Mr. Piper misunderstands the purpose — and indeed the function — of a gay identity: one made necessary not by desire, but by hostile external pressures (“Dear Christians: Please stop calling people gay,” Web, June 8). We do not name ourselves solely to broadcast our personal inclinations, but to forge solidarity in response to struggles imposed from without — often by churches, legislatures and courts that have long sought to silence and even harm us.

Words like gay, lesbian, transgender and queer exist not to divide, but to defend. Visibility is not a threat to dignity; it’s a shield against enmity, harassment and violence, not unlike the embrace of a Christian identity in spite of similar forms of enmity long directed at Christians. Is one to assume that identifying openly as Christian constitutes a similar “flattening” of an individual’s broader humanity? Would this, too, be cast as an indulgence — one permitted only by those unwilling to distinguish between Christianity as a choice and Christianity as an identity? I doubt Piper would make that argument. He has barely made the one he has. In fact, in characterizing queer identities as no more than  expressions of libido rather than what they have historically and accurately represented, it is Mr. Piper who renders the “flattening” — in obvious pursuit of erasure.
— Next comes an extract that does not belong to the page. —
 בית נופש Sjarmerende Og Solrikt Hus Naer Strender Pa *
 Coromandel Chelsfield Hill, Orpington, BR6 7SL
It is, too, entirely possible to be both gay and Christian, as much as it might surprise Mr. Piper (or not) — and without subscribing to the pious fiction of a life spent in penitential conflict with one’s own desires, affections and, yes, identity. I live in a community of the kindred in spirit as well as experience. It is not I who has made this wholly about my sexuality.



Rather than urging Christians to police their language, Mr. Piper would do better to call on them to confront the tradition’s role in historical injustice — not entirely unlike what Christians themselves have endured — and to cultivate a sense of his much-lauded humanity, along with empathy and compassion. As Christ did.